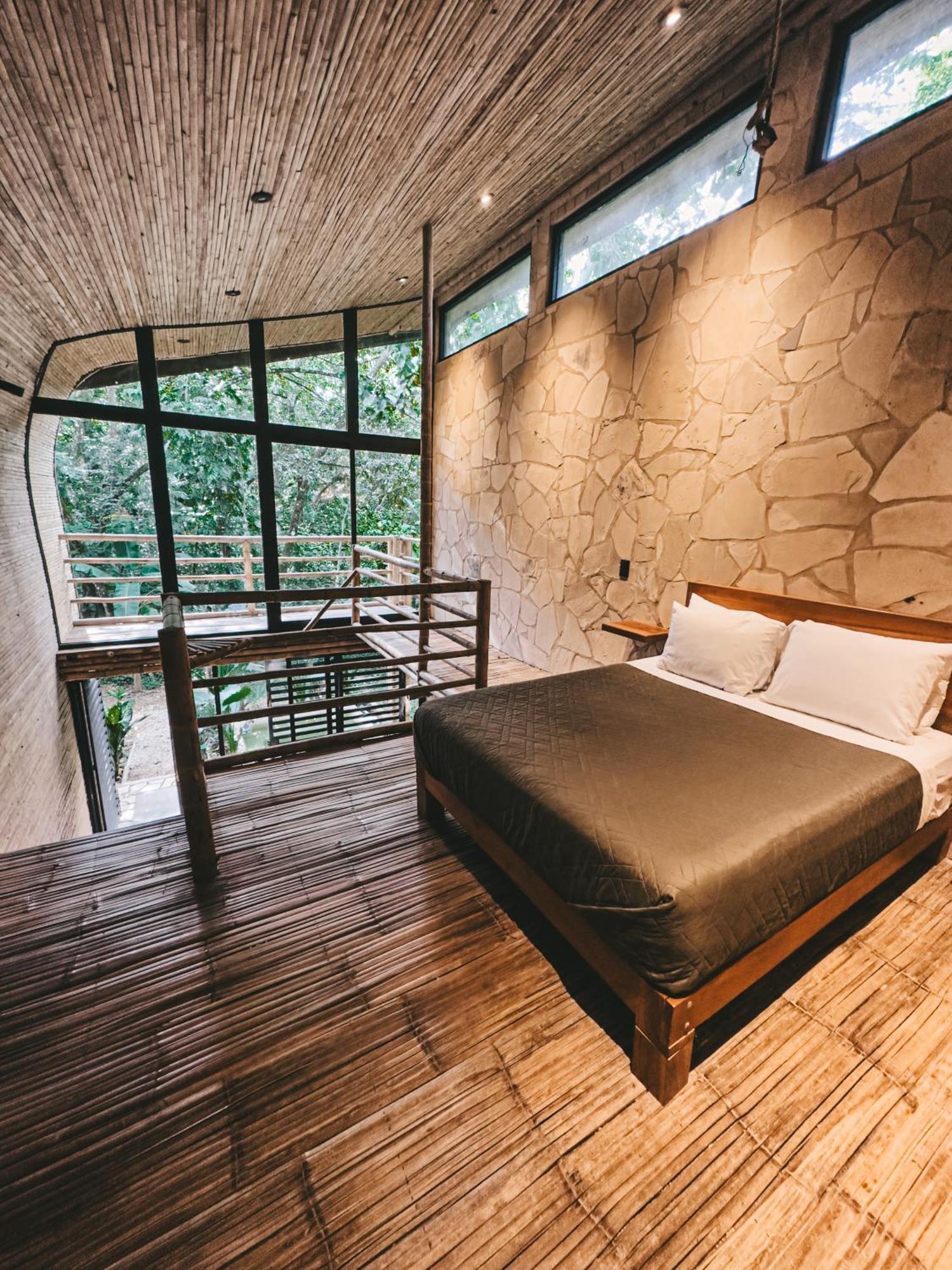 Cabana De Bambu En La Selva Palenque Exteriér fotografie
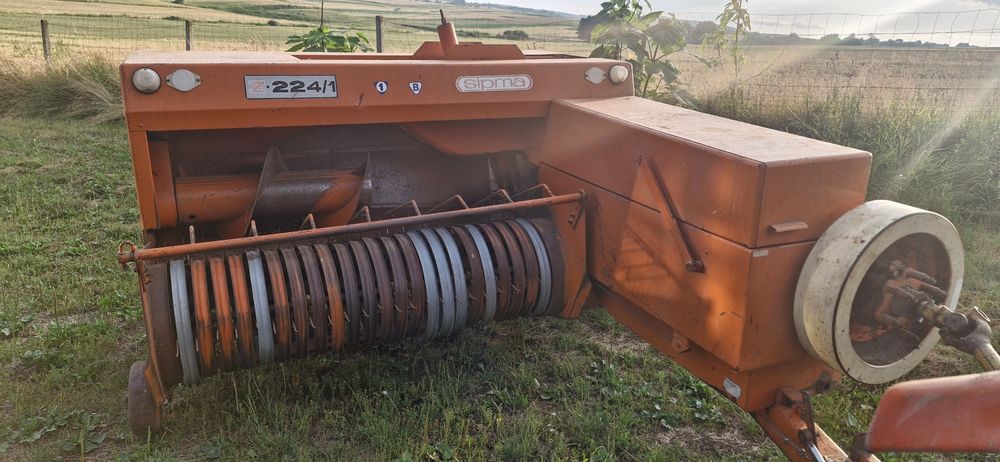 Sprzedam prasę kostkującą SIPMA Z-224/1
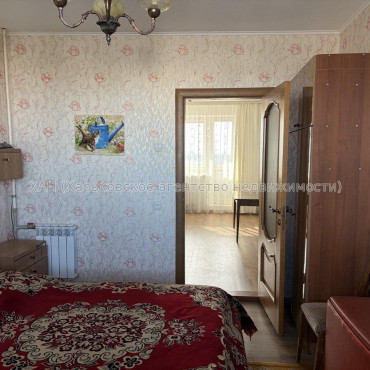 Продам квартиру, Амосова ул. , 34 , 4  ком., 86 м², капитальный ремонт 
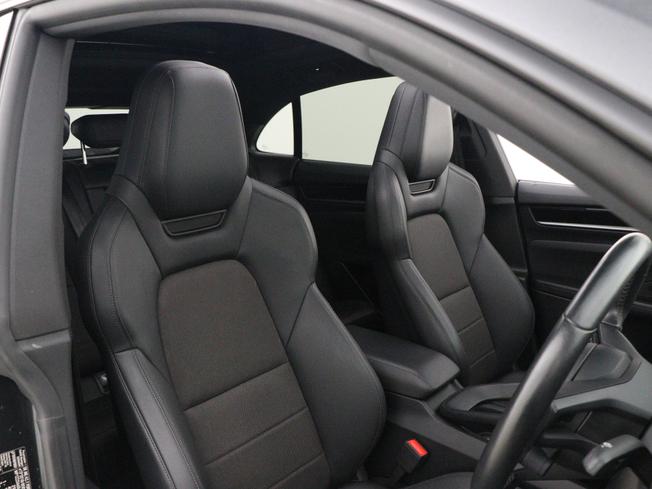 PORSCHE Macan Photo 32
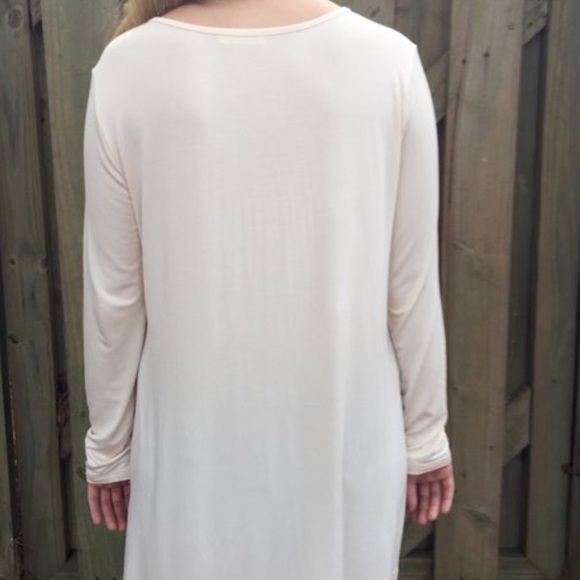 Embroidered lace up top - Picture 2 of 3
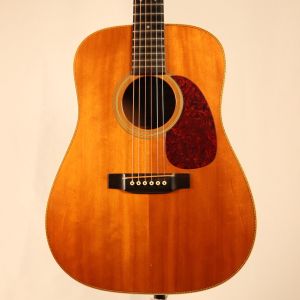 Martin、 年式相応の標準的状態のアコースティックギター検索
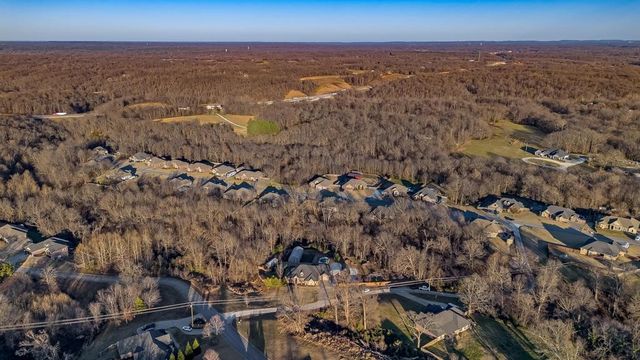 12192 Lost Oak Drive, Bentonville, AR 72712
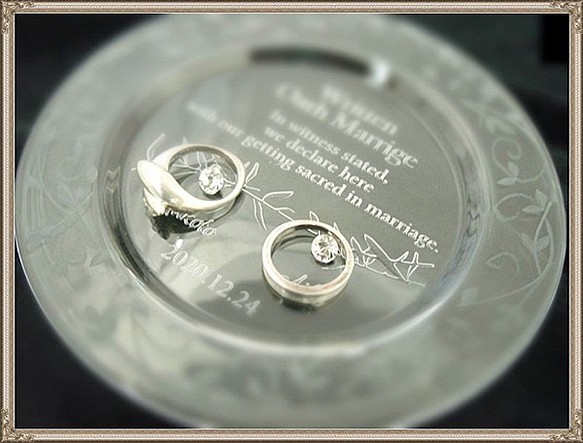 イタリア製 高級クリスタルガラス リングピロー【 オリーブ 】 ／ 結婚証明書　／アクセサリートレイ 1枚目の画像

________

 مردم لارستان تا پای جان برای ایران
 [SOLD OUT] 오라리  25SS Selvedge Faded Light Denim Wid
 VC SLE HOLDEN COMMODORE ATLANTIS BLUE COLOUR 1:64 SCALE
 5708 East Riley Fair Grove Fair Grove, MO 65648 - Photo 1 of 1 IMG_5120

________

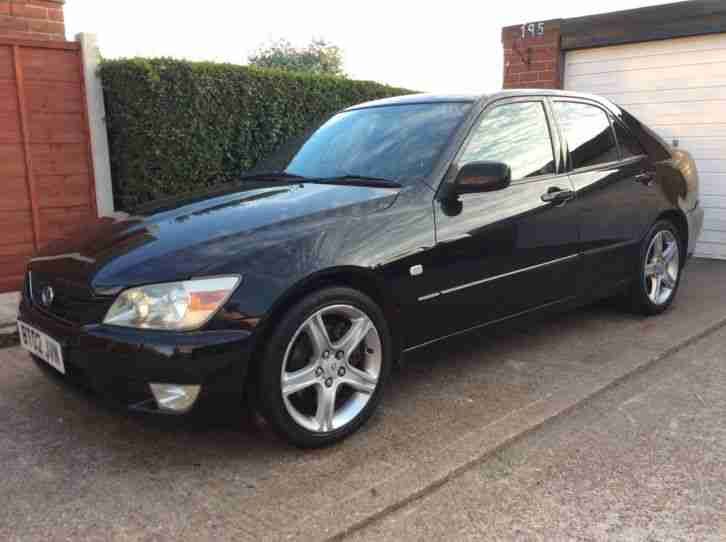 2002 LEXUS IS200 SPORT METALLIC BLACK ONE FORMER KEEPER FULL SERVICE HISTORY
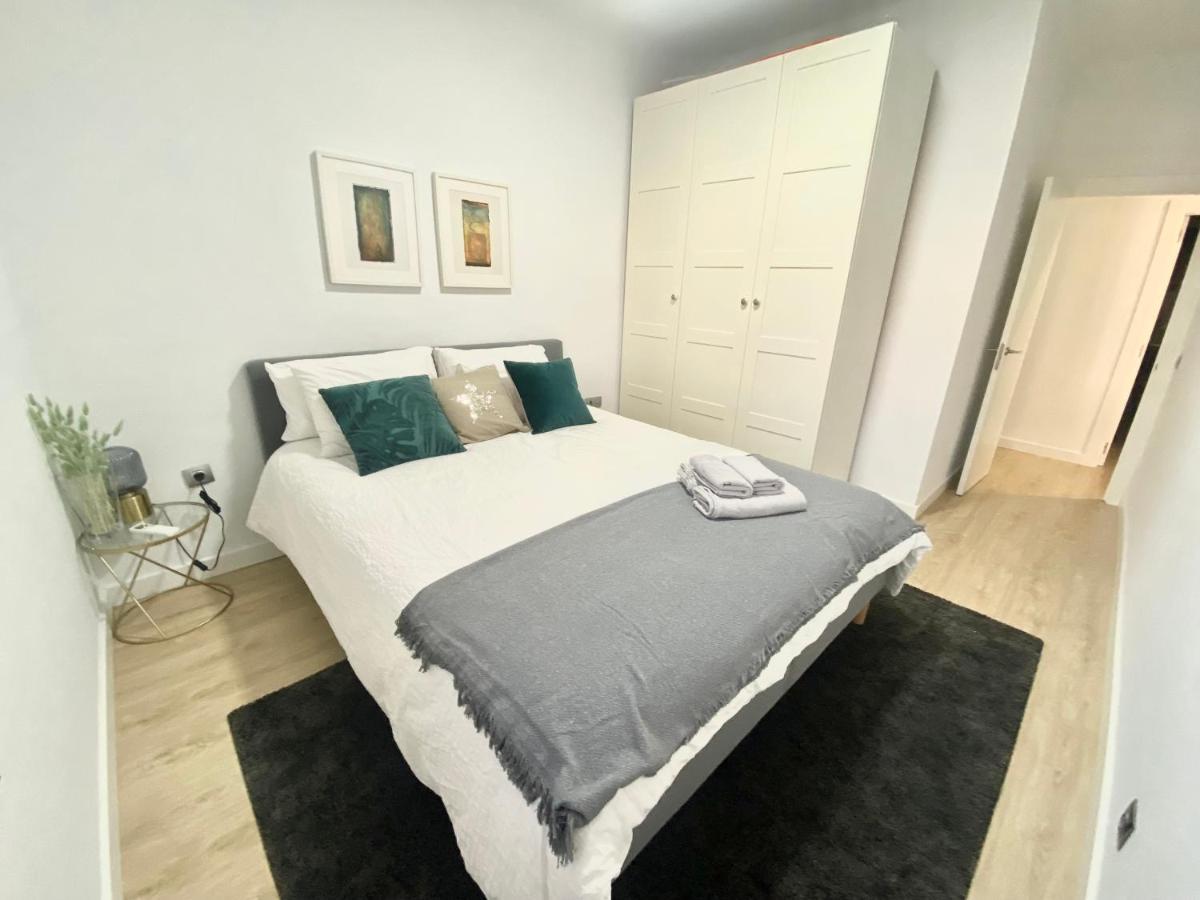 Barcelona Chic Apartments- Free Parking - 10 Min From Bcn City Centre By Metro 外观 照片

________

**Try it**
All that should appear in the answer is the lines above from the line with "Martin、 年式相応の標準的状態のアコースティックギター検索" through the line with "イタリア製 高級クリスタルガラス リングピロー【", retyped exactly, pictures left out.

**Output for this exercise**
 Martin、 年式相応の標準的状態のアコースティックギター検索
 12192 Lost Oak Drive, Bentonville, AR 72712
 イタリア製 高級クリスタルガラス リングピロー【 オリーブ 】 ／ 結婚証明書　／アクセサリートレイ 1枚目の画像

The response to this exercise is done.